Kocornik remembered that for two men so driven, so close in age, and so bold, Mike and Dan lacked any competitive impulses to one-up the other, instead viewing their adventures as a chance to bring others into the wild.

“A lot of these big trips were really social things. Mike would never do an expedition by himself. It was as much about the social as about the trip,” she said. “Dan was also a very patient teacher of outdoor skills. Not a whole lot of people who operated on their level. They would take people who weren’t as accomplished and train them.”

But with the exception of the Sharp sisters joining for a week, the Divide ride was a Moe-only affair.

“Mike really liked doing adventures with his brother,” Jenkins said when asked why he didn’t join his friends on the trip, especially since he’d been bicycle touring for a decade by then and would head to the USSR a few years later for a pioneering ride across Siberia. “They wanted it to be a Moe Brothers Adventure.
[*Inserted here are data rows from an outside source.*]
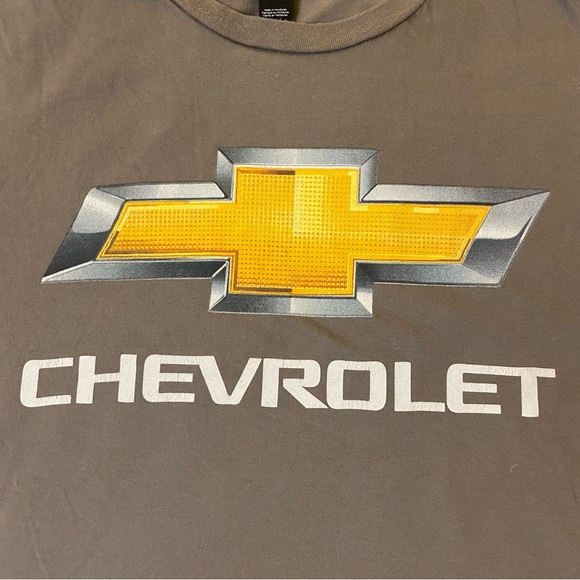Chevrolet Chevy emblem shirt sz L - Picture 4 of 10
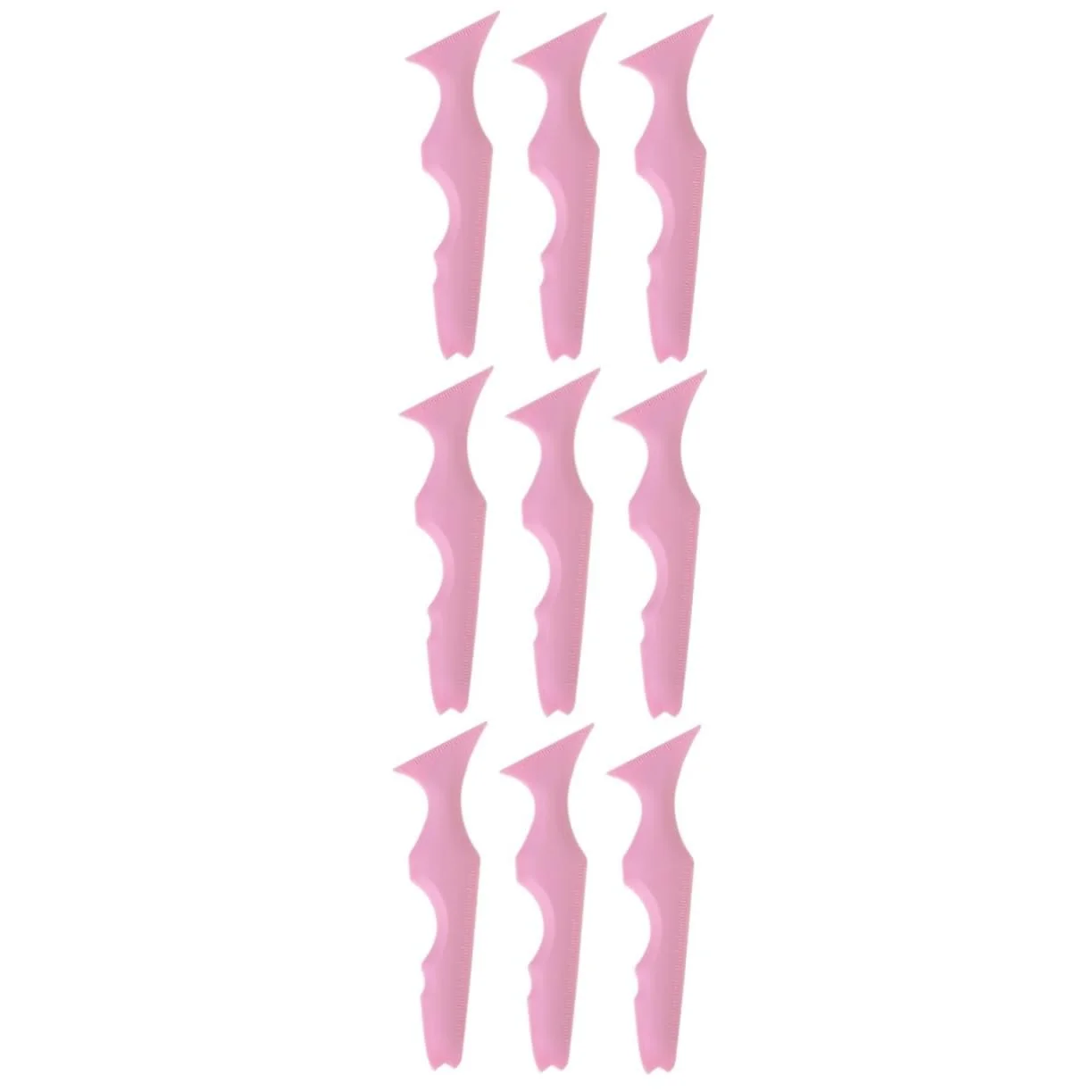 Трафареты для макияжа FRCOLOR 9 шт силиконовые, фото №1 Трафареты для макияжа FRCOLOR 9 шт силиконовые, фото №1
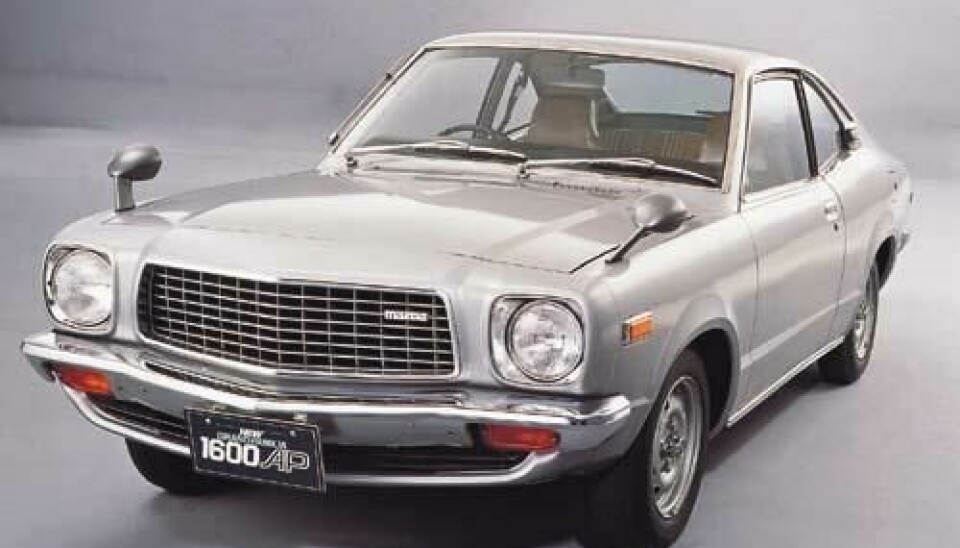 Mazda RX-2 - 1970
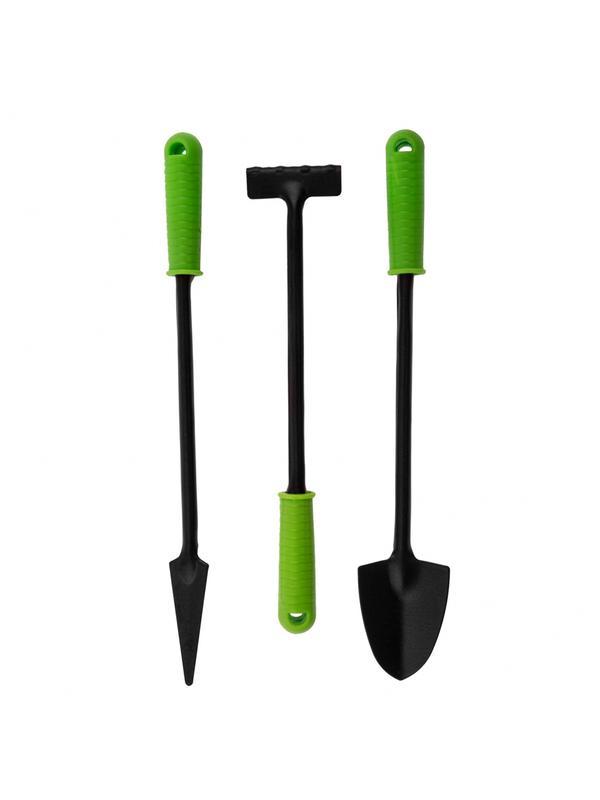 Набор по уходу за комнатными растениями, пластиковые рукоятки, 3 предмета, Palisad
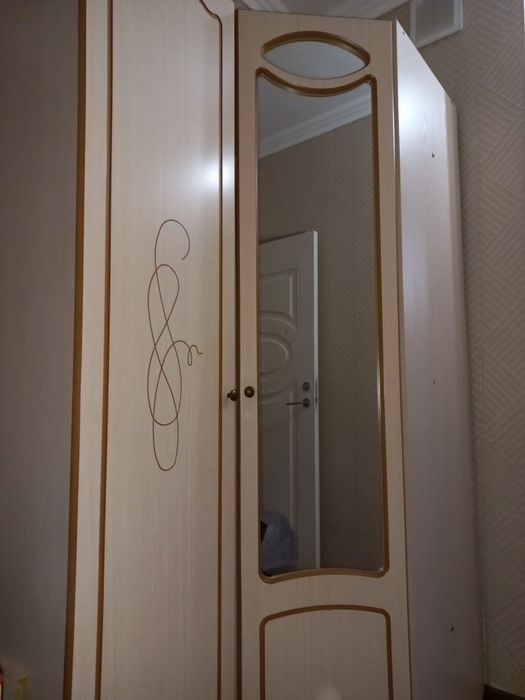 Продам шкаф с кроватью, комплект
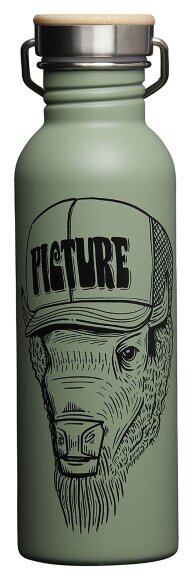 Фляга Picture Organic Hampton green spray, укр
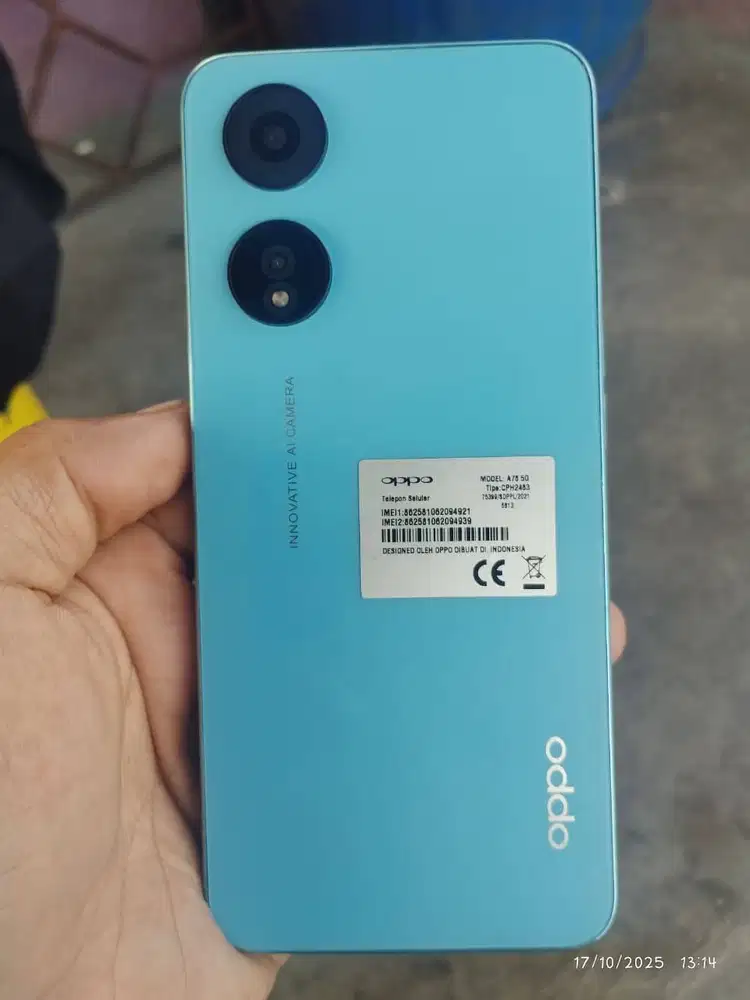 Oppo a78 5g 8/256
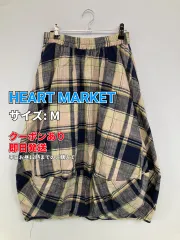 HEART MARKET ハートマーケット ロングスカート M ベージュ レディースのサムネイル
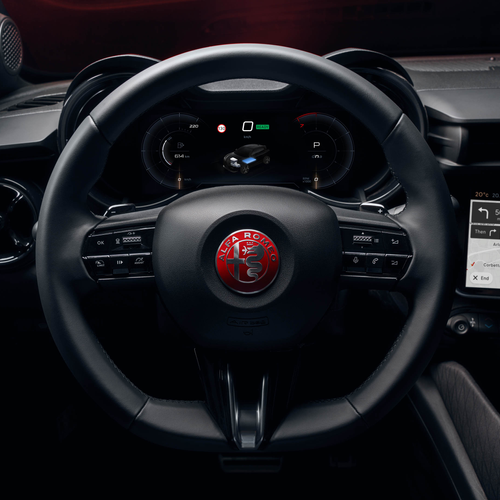 2027 Alfa Romeo Junior Luna Rossa Interior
This one was very much a journey of brotherhood.”

“The mountains are starting to look familiar,” Mike wrote on July 30. “Even though we haven’t previously followed this trail, this is our terrain and our general stomping grounds. We put an extra push in every pedal stroke, like a dog pulling at the leash when the walk turns toward home.”

The Great Divide Basin lay in wait, a section of Continental Divide country that proves a challenge for every rider who has passed through. A self-contained basin, any rain that falls here stays put, at least until the relentless wind scrapes it away. 

As on today’s route, the Moes wended their way from Rawlins to South Pass City where the Wind River Mountains rear up from the desert and riders enter the Greater Yellowstone ecosystem and point into a pair of national parks.

“The last few hours have been real white-knuckle stuff,” Mike wrote on August 11, but not because of rocky trails or steep drops.

“We’ve been on pavement since yesterday, because park regulations in both Yellowstone and Teton prohibit backcountry biking … several times we were forced to bail off the narrow roads, thankful for the extra control offered by knobby tires.”

Soon the pair hit Montana, logging a brutal 13-hour day in the mountains southwest of Dillon, 28 miles that “rates as one of the most beautiful — and one of the hardest — of the entire trip,” only to discover upon arrival at camp that Mike’s sleeping bag had slipped off somewhere in the dark. “Another typically easy day on the Divide,” they cracked as they walked back into camp after a successful search … at 3:00 am.

By August 20, the Moes were on the home stretch, but their route first took them around the Anaconda-Pintler Wilderness near Butte, Montana. They followed roads, then trails, then simply waded through lakes of grass until after dark and they set up camp in a stand of pines.

When bikepacking and finding routes via paper maps, the wildlife can occasionally be of assistance.
Map-reading help at a campsite in Montana. 
Dan Moe

“We feel totally alone in the woods, as if we are pioneers exploring new and untamed country. Though Dan and I have always loved the wilds, never in the past has the great breadth of the land seemed so appealing, and so much an important part of our lives. Surely, this is the most moving and exhilarating night of the trip.”

The magic of the spot and the moment couldn’t suppress the pair’s lighthearted camaraderie, steeled by this adventure and dozens past.
Mike continued:

“I am just beginning to drift off to sleep when Dan asks earnestly, ‘Don’t you think we’d better lock up the bikes?’ We laugh so hard our jaws hurt.”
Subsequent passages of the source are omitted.